As the Commissioner’s enquiries have revealed, for the people responsible for Robodebt the law doesn’t matter and frank and fearless advice is unneeded because they, the rightful leaders, know and adhere to the right ethical values, and a program that rewards the deserving and punishes the undeserving makes obvious common sense, not to mention economic and political sense. And depending on the adherent’s religious beliefs, may even be sanctioned by god.

Robodebt is but one example of a government program that is underpinned by this worldview – negative gearing, different tax rates for different sources of income, the contrasting superannuation arrangements for rich and poor during Covid, the 3rd stage tax cuts, the stagnant Jobseeker allowance, for example. It is, however, the one for which the worldview of its proponents has been most clearly, and for some of us most horrifyingly, revealed it during its lifetime and during the Commission’s hearings.

For those responsible for Robodebt, the politicians and public servants, the tragedy is not that, in retrospect, they can see that they were guilty of a moral, legal, mathematical or common sense failure. No, the tragedy is that their success in developing a program that fitted their worldview so well was ultimately undermined by their incompetence, their inability to implement it smoothly, quietly and invisibly; to implement it so that no one beyond its victims knew enough to care. By way of contrast, there hasn’t been a Royal Commission into Australia’s treatment of asylum seekers who have been equally abused but much more successfully kept away from the public’s gaze.

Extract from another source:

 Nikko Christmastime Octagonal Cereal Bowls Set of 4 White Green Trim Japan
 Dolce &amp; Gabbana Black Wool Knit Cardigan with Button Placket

For many of us, however, Robodebt has been a success in shining a bright light on the pernicious worldview of its protagonists. It is a revealing example of the political application of the oft referenced ‘traditional Liberal’ (but not liberal) values that members of the party like to call up. Oft referenced but vaguely and self-servingly defined. Show me a socialist who doesn’t value opportunity and choice; show me a poor person who wouldn’t like to accumulate some wealth; show me a struggling parent, unable to pay the gap to see a GP, who wouldn’t like ready access to the best health care for their sick child.

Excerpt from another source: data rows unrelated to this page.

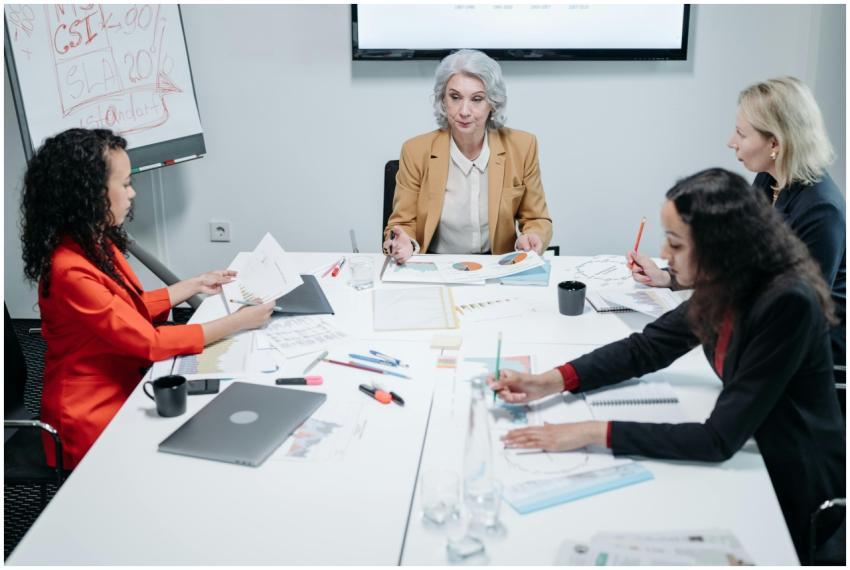 A diverse team of businesswomen engaged in a colla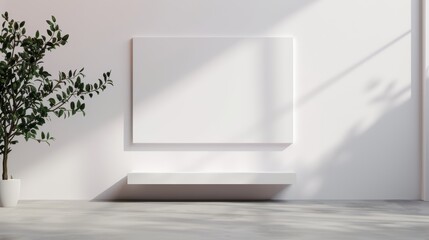 Fototapeta premium Ultra-realistic mock-up of a high-end atelier's blank white signage, stylish facade, perfect for identity showcase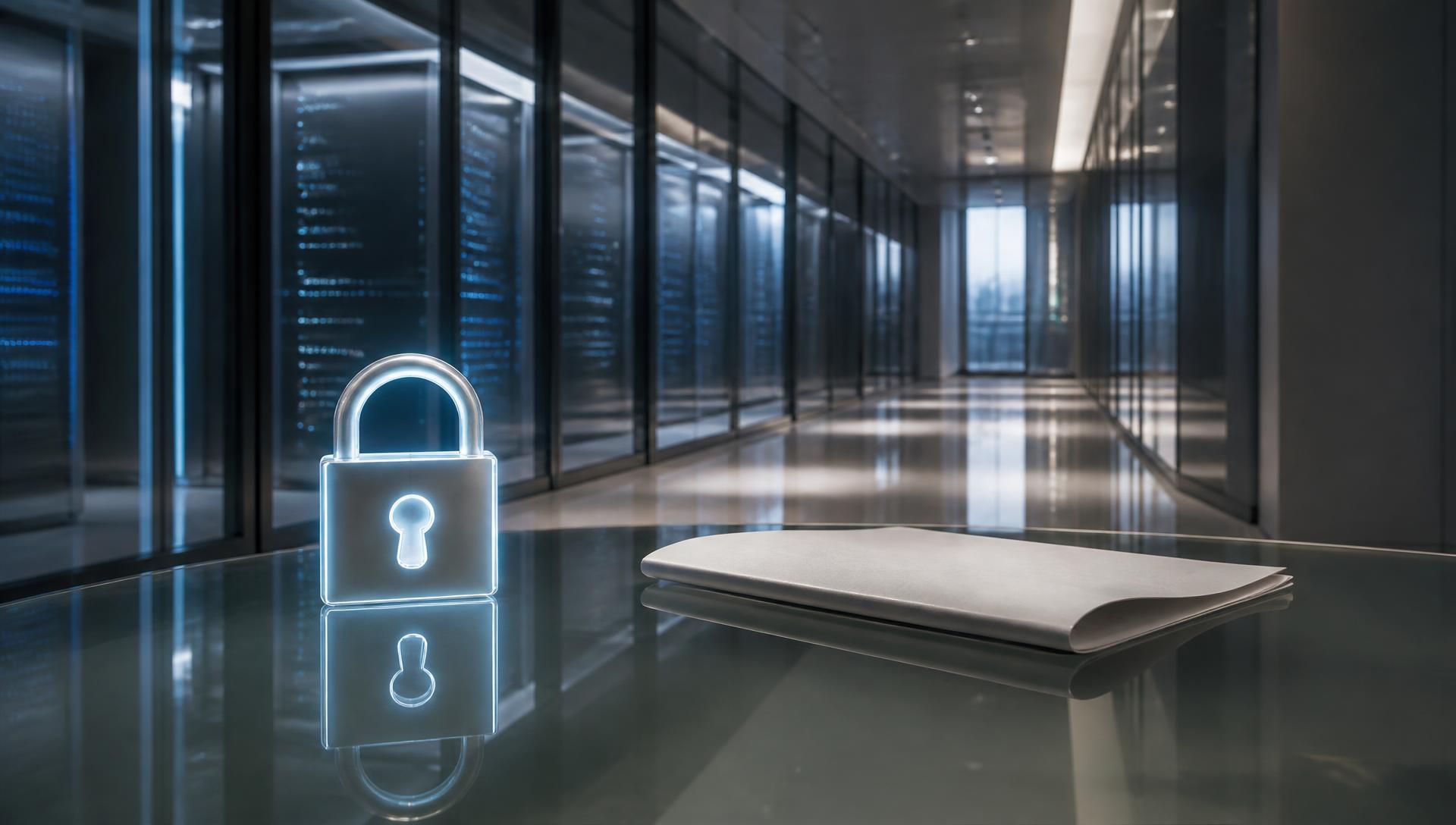 Modern enterprise infrastructure: a glowing digital lock next to a business document in a secure server corridor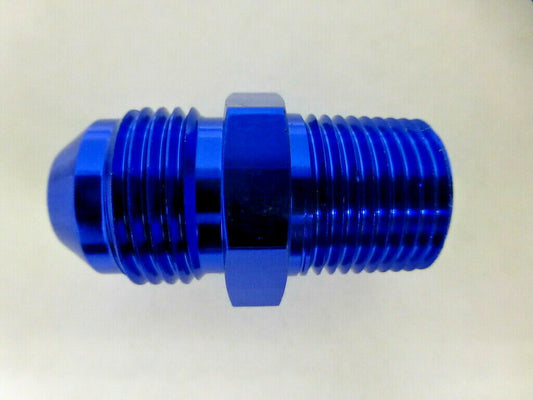 Russell 660480 Straight Male Adapter Fitting AN8 -8 8AN Flare to 3/8 NPT Blue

Show me a recipient of welfare support who likes to be deceived, intimidated and robbed by a system designed by politicians and public servants whose worldview sees them as undeserving parasites rather than citizens to whom society has rights and obligations, not least of which is to treat all people with dignity.

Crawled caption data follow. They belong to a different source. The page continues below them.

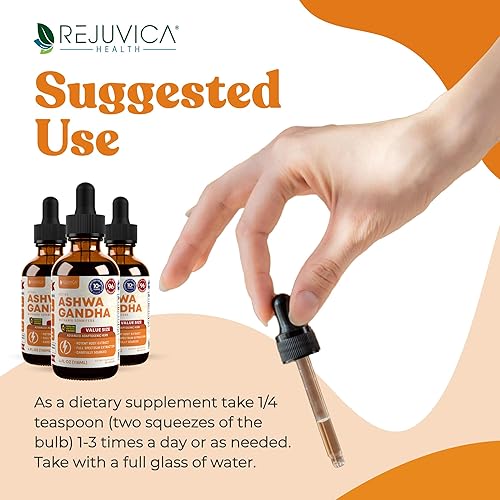 Miniatura 4 de Rejuvica Health Ashwagandha activa 4oz XL Super Size  Suplemento líquido avanzado  Gotas de extracto de Withania Somnifera  Raíces de Ashwagandha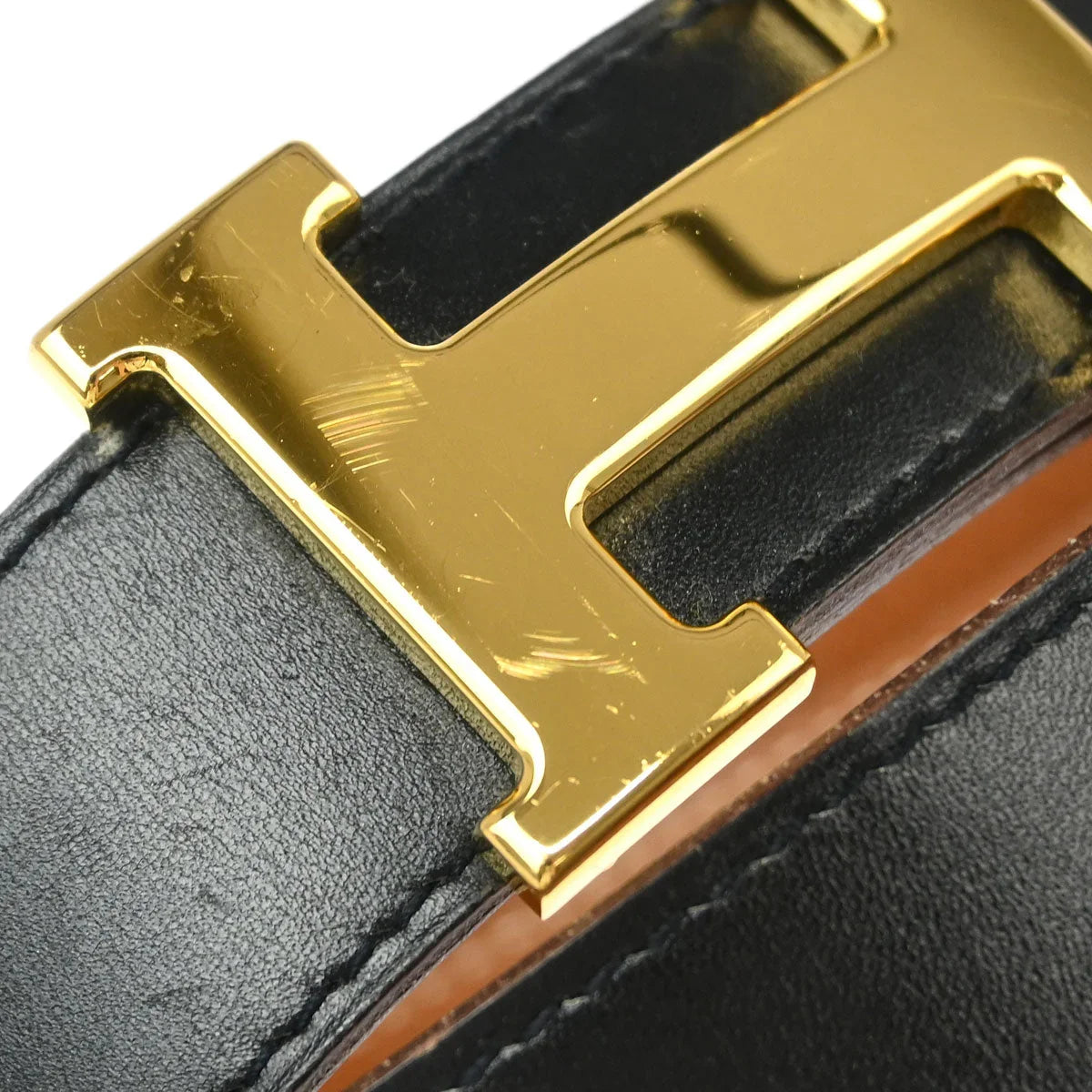 Hermes 2003 Black Box Calf Constance Reversible Belt #70 Small Good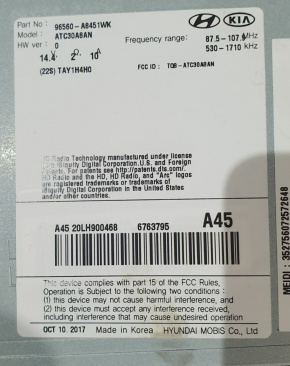 Магнитола(мультимедия) Kia Optima JF Hybrid 2,0 2016-2019 96560A8451WK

We might feel grateful to Robodebt had not so many people suffered so much under its yoke. As residents and citizens of Australia they had a right to receive better treatment from their elected representatives and public servants. In some ways the greatest failure in this sad story is the failure of our democracy to elect better people to government.

Peter Sainsbury is a retired public health worker with a long interest in social policy, particularly social justice, and now focusing on climate change and environmental sustainability. He is extremely pessimistic about the world avoiding catastrophic global warming.